There’s been an excellent poem going around the internet over the past week: it’s called Good Bones. It was written by Maggie Smith as a response to the disillusionment and despair many of us felt in 2016. It’s really wonderful, easily my favorite poem containing the phrase “a real shithole.”
I can imagine how it would’ve resonated if I’d seen it in 2016 — an acknowledgement that the world can be a hateful place, but with a faint glimmer of indefatigable hope still left at the end. Now in November of 2020, its tone has shifted. Of course we know that “the world is at least fifty percent terrible,” because we’ve been reminded of it multiple times a day, ceaselessly. The end no longer feels like a faint glimmer but a determined resolve to make it beautiful wherever and however we can.
I’m not just writing about it to unnecessarily over-explain it, though: I just wanted to add a personal note to say I’m grateful for it, not just for bringing a bit of light to the despair of the past week, but for reminding me just how hard my parents and brother worked to shield me from that 50% Terrible for as long as they could. I think they did a pretty amazing job, considering that I almost made it to 50 years old before I finally gave up on the idea that people are basically good.
I don’t think it’s naive to believe that; I just think it’s the product of being blessed enough to live most of your life surrounded by good and kind people. And I don’t believe it’s sad or cynical to abandon the idea, either. If you cling to the belief that people are basically good, then you’re unintentionally undermining all of the hard work that good people do every day. It’s much more inspiring to realize that people are basically neutral, so the heroes that manage to radiate kindness and hope aren’t just staying true to their natures, but are putting in the effort to make things better.

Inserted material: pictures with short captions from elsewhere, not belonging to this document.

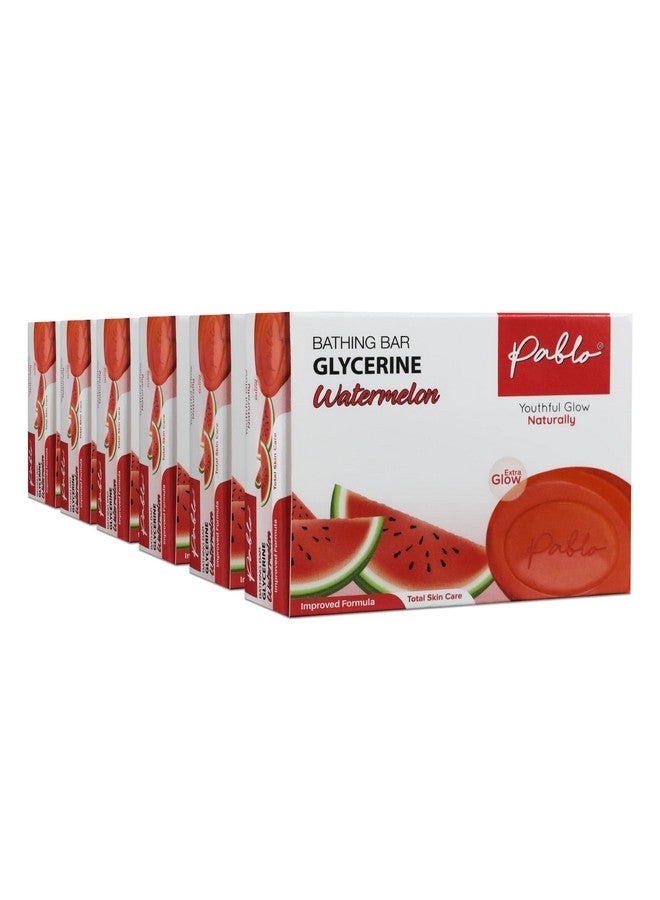 PABLO Natural Skincare Bathing Bar Glycerine Soap | Watermelon Bath Soaps For Men, Women & Kids | For Glowing & Smooth Skin 75 g Each Value (Pack of 6) - Image 1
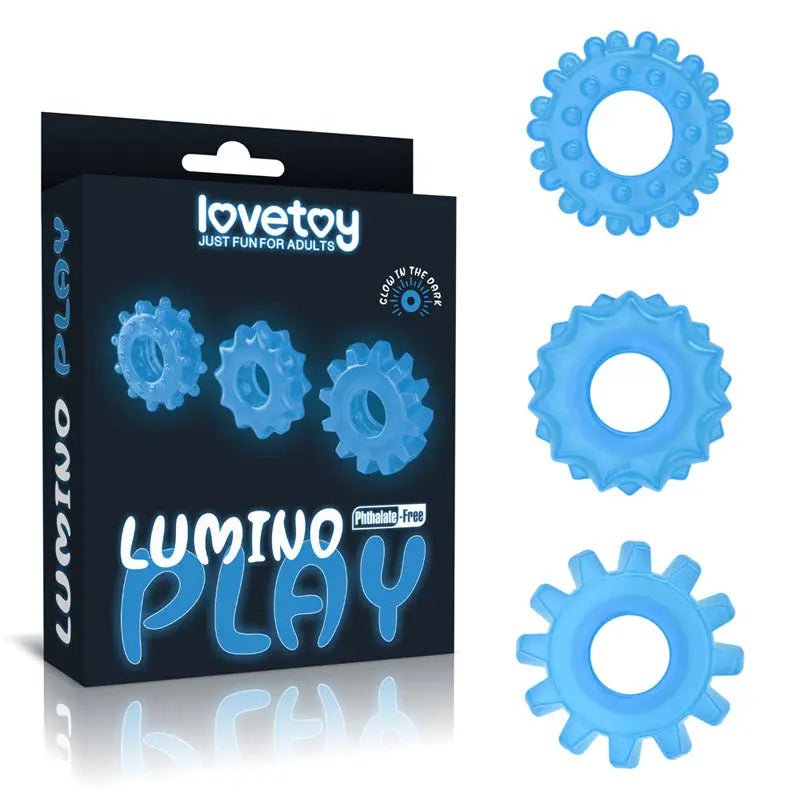 Shop affordable quality Lumino Play Penis Rings 3 Pack - Glow in the Dark Cock Rings - Set of 3 - Discreet Intimate Essentials - COCK RINGS - Lovetoy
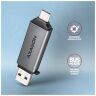 Считыватель флеш-карт AXAGON USB-C + USB-A to SD/microSD 5Gbps gray (CRE-DAC)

It’s aspirational. I’m feeling exhausted from having to hold onto so much anger, suspicion, and resentment all the time. I’d rather work on repaying all the kindnesses and generosity that people have shown me over the years. This has been such a tough year, and some of the things we’ve all lost and that I’ve lost are gone forever. But instead of concentrating on what’s lost, I’d rather try and help make this place beautiful.